The General Agreement on Trade and Tariff (GATT) was set up on October 30, 1947 in Geneva with 23 countries as its founder members, and India was one of them. It was originally set up as a temporary arrangement to bring about trade liberalisation. India has always been an active champion of multilateral trade negotiations. GATT later became an important and permanent set-up to attend to all trade issues among member countries. Its membership also got enlarged to practically all the members of the United Nations, except the communist countries and East European countries.

Objectives of GATT

The broad aim of GATT has been to reduce the trade restrictions put up by individual nations in pursuit of their narrow national interests.

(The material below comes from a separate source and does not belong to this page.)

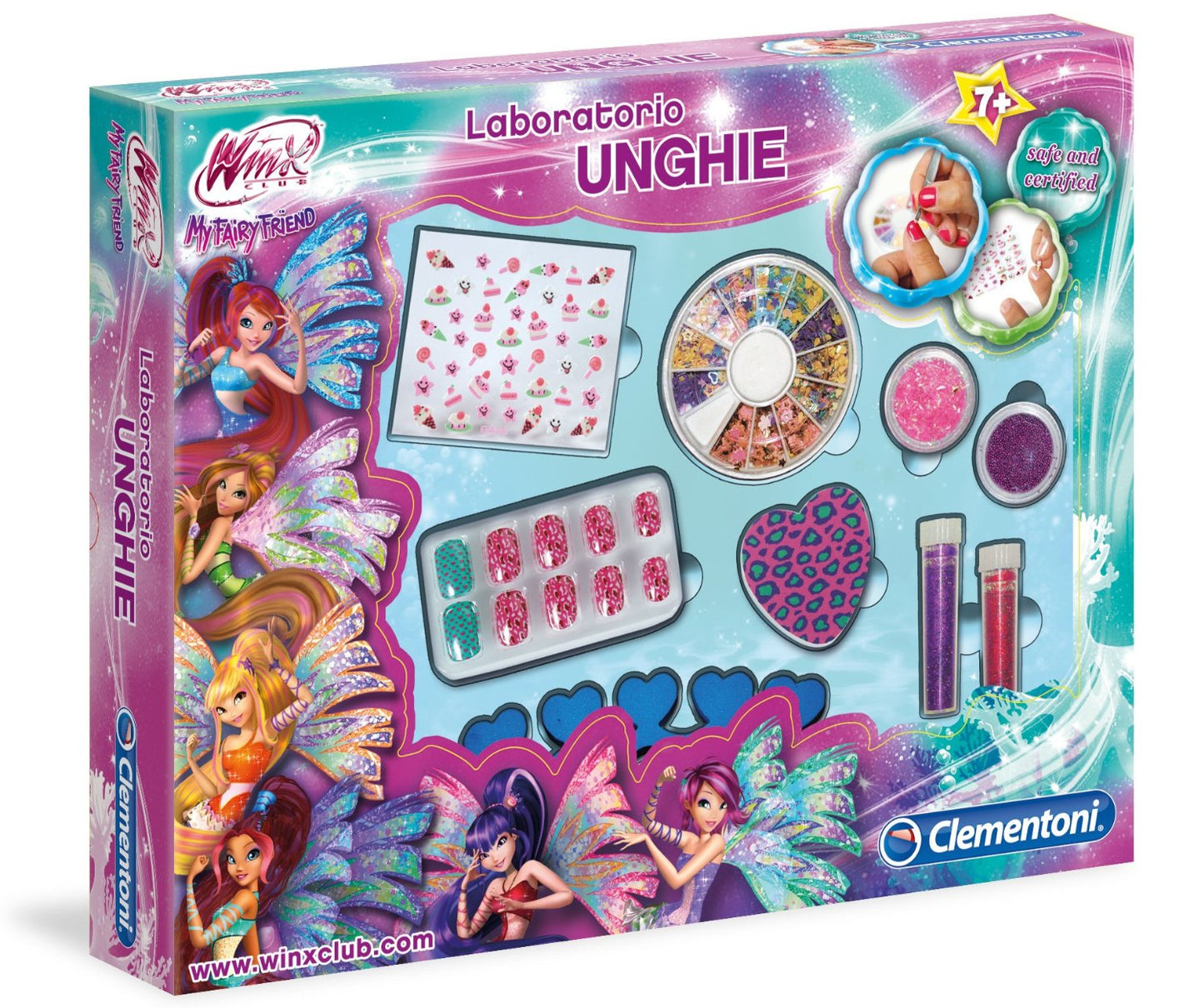 WINX DECORA LE TUE UNGHIE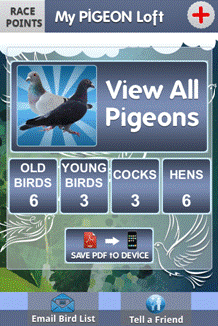 hawkeye pigeon software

The goal was to achieve through multilateral negotiations, settling of all trade disputes through a set of rules and regulations evolved by GATT for its members.

The other objective was to aim at tariff concessions for exports and imports among the countries, with a view to aim at developing the full use of the resources of the world and expanding trade. GATT always permitted exception to its general rules, which require the eventual elimination of all import restrictions. It was always subject to safeguards intended to protect legitimate interests of other trading nations. The most important exceptions given by GATT were the special protection given to agriculture by most nations and allow many import restrictions to protect the farmers. Their rules also made import restrictions to protect the farmers. Their rules also made exceptions in the case of countries, which were in `balance of payments’ difficulties.

Work done by the GATT

From 1947 to 1967, GATT sponsored six rounds of multilateral trade negotiations mainly with a view to bring down the trade barriers by persuading countries to bring down their import levies with a view to greater exchange of goods and more trade flow. The sixth round brought the weighted average tariff of major trading nations to be reduced by 2% on raw materials and 7.7% on industrial products.

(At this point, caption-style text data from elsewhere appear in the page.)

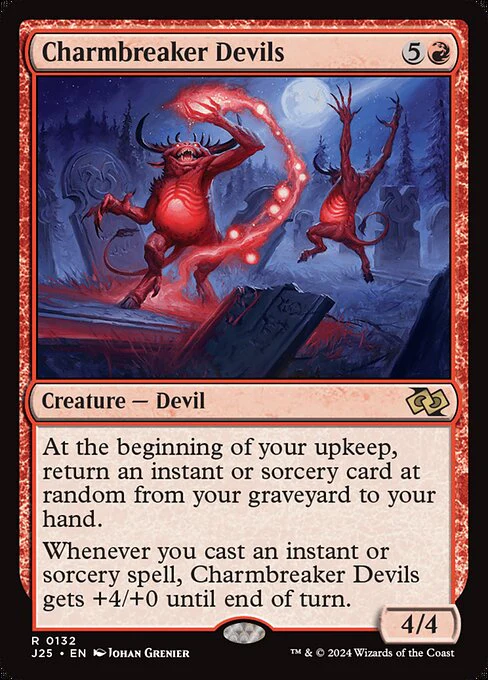 Charmbreaker Devils - Foundations Jumpstart - R - 132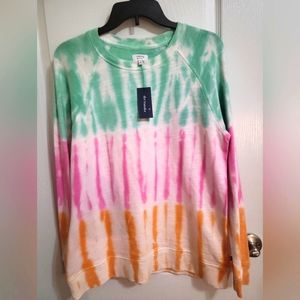 Womans long sleeve pullover.  NWT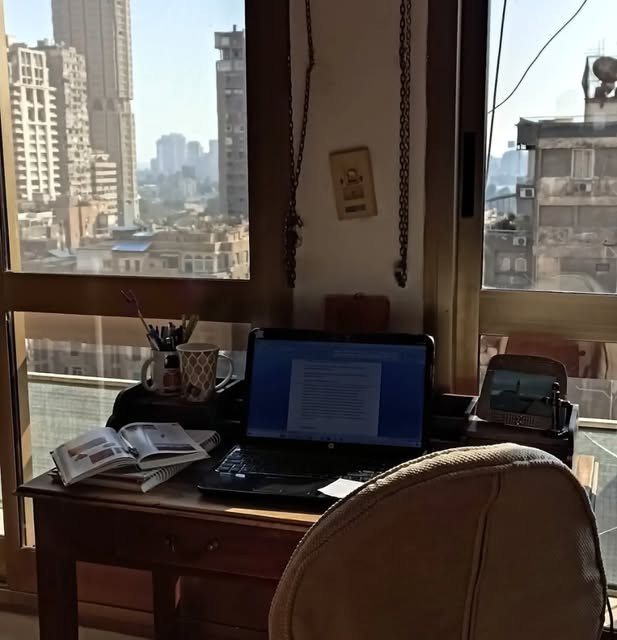El escritorio de Alba Galiano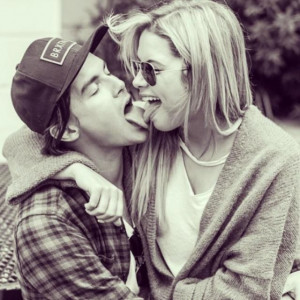 Tyler Blackburn and Ashley Benson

GATT played a prominent role in the settlement of trade disputes between two countries. GATT played a useful role between 1947 and 1973. But in the seventies there were many changes, which occurred in the world economy. The fixed system exchange rate was moving towards a floating system of exchange parity. The oil prices quadrupled in 1973, and threatened to increase further. There was a worldwide economic recession in 1974-75. Many of the developing countries had diversified their export base, and were becoming competitors to developed countries.

In 1974, the next round of multilateral negotiations were commenced by GATT, and it was concluded in 1979 at Tokyo, and was referred to as `Tokyo round of negotiations.’ Here tariffs were lowered by 27% to an average level of 5%. Certain non-tariff barrier agreements and codes were also agreed to.

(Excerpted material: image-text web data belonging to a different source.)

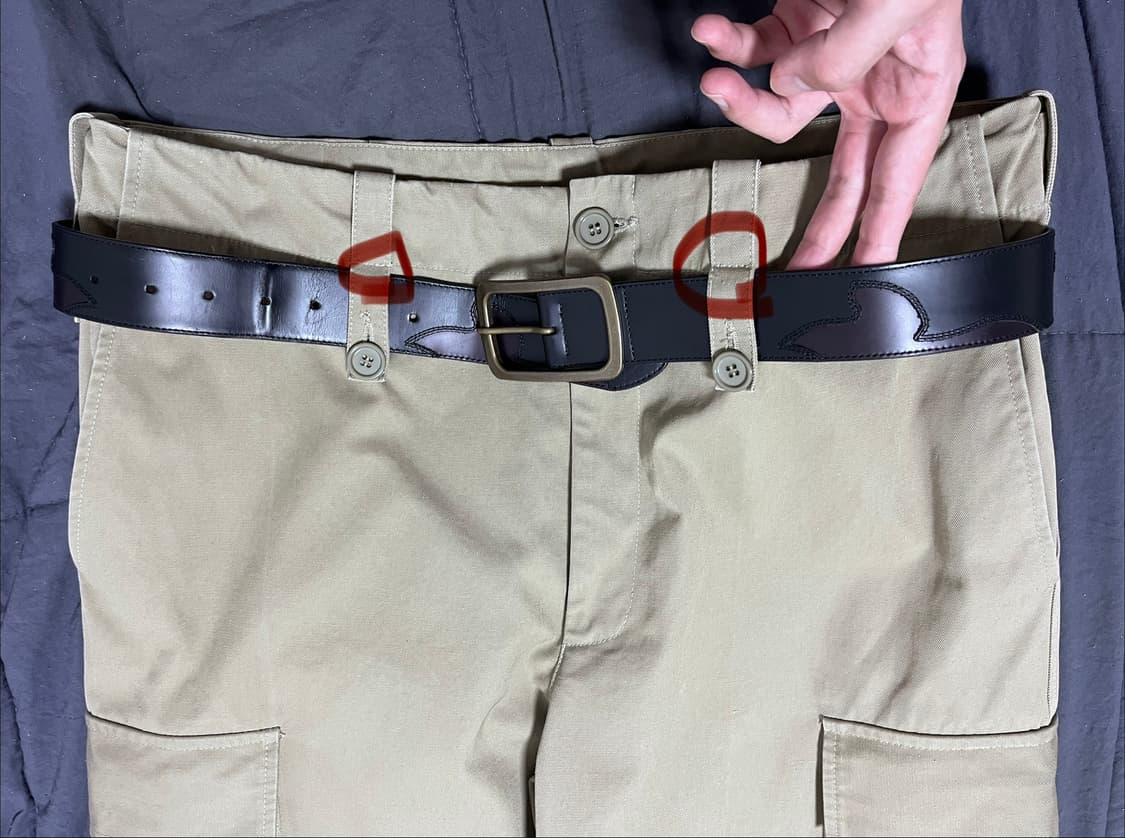 [L] 마리아노 카고 팬츠 상품이미지9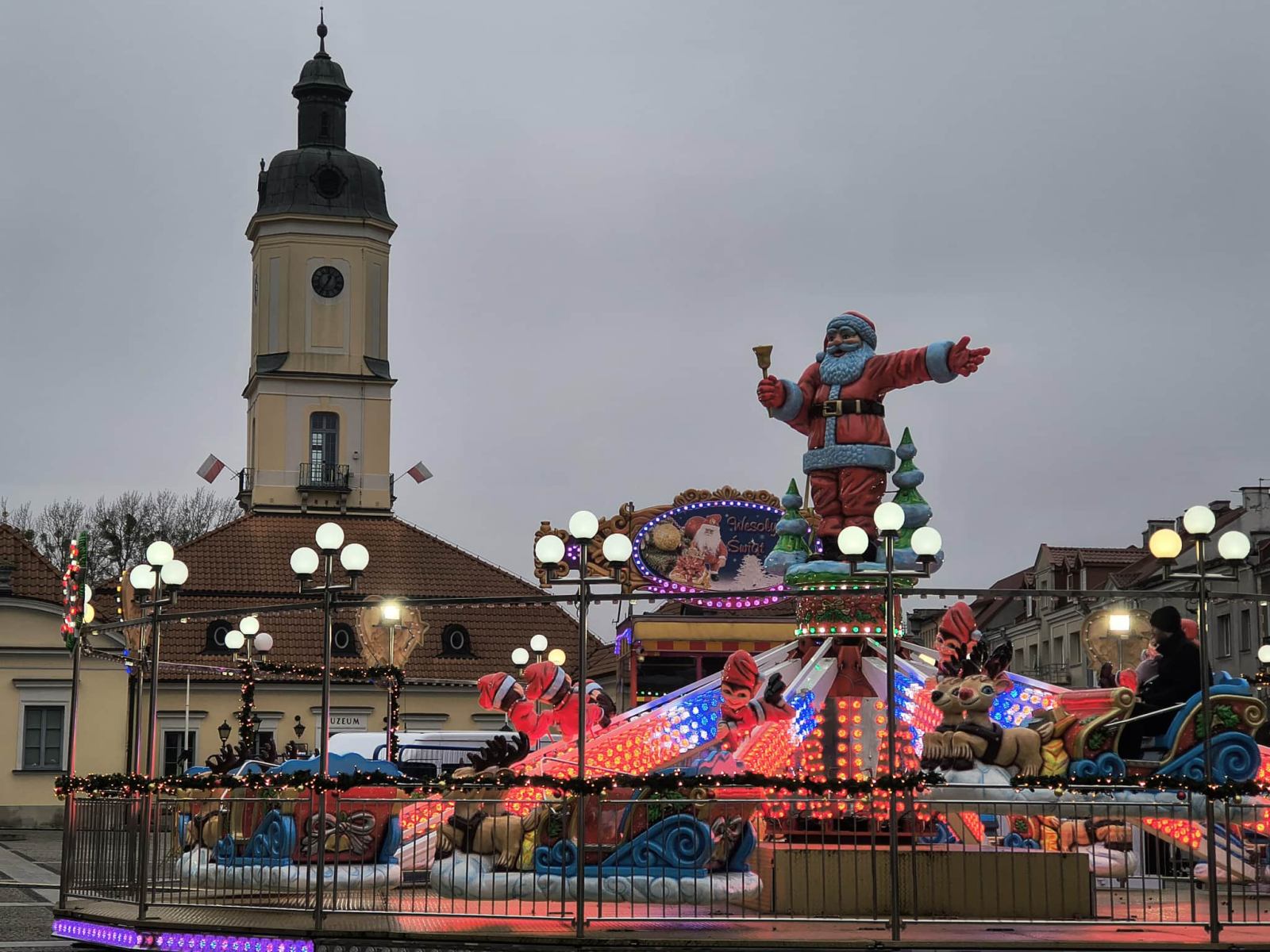 Białostocki Jarmark Świąteczny, fot. Hanna Kość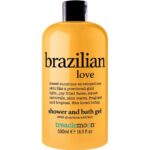 Treaclemoon Brazilian Love Shower & Bath Gel with Quarana Extract 500ml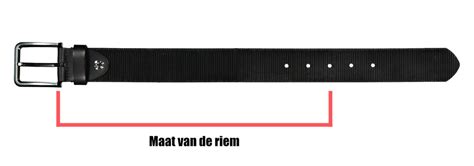 welke riem heb ik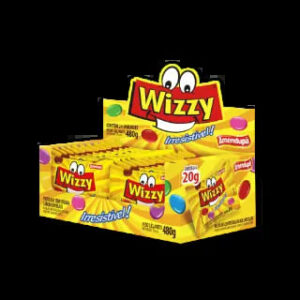 CONFEITOS WIZZY DP 480GR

An eighth round of trade negotiations under the auspices of GATT was launched in the mid eighties. This was known as Uruguay Round. Apart from the usual exercise to bring down the trade barriers, it also attempted to draft trading rules to cover four major sectors, not previously regulated. These were agriculture, services, investment, and intellectual property rights (patents, trademarks copyrights etc). It was also decided that an institutional framework was to be given to GATT, and thus was born World Trade Organisation (WTO which was to replace GATT as an apex trade policy body.

The discussions, many times very vociferous, continued for eight long years. Many of the developing countries put forward their view strongly to protect their economies, and in the Intellectual Property Rights discussion India played a prominent part and changing many of the original stringent changeover for the developing countries. It also protected the age old traditions of the farmers to have the right to their own seed protection and various other clauses which may have a bearing on our agriculture.

The discussions dragged on and ultimately a deadline was given that it should be completed at a conference in Morocco and the new organisation – WTO – should come into existence on 1st January 1995. Accordingly all the countries who are members of the GATT signed the WTO agreement and lodged the instrument of ratification on January 1, 1995.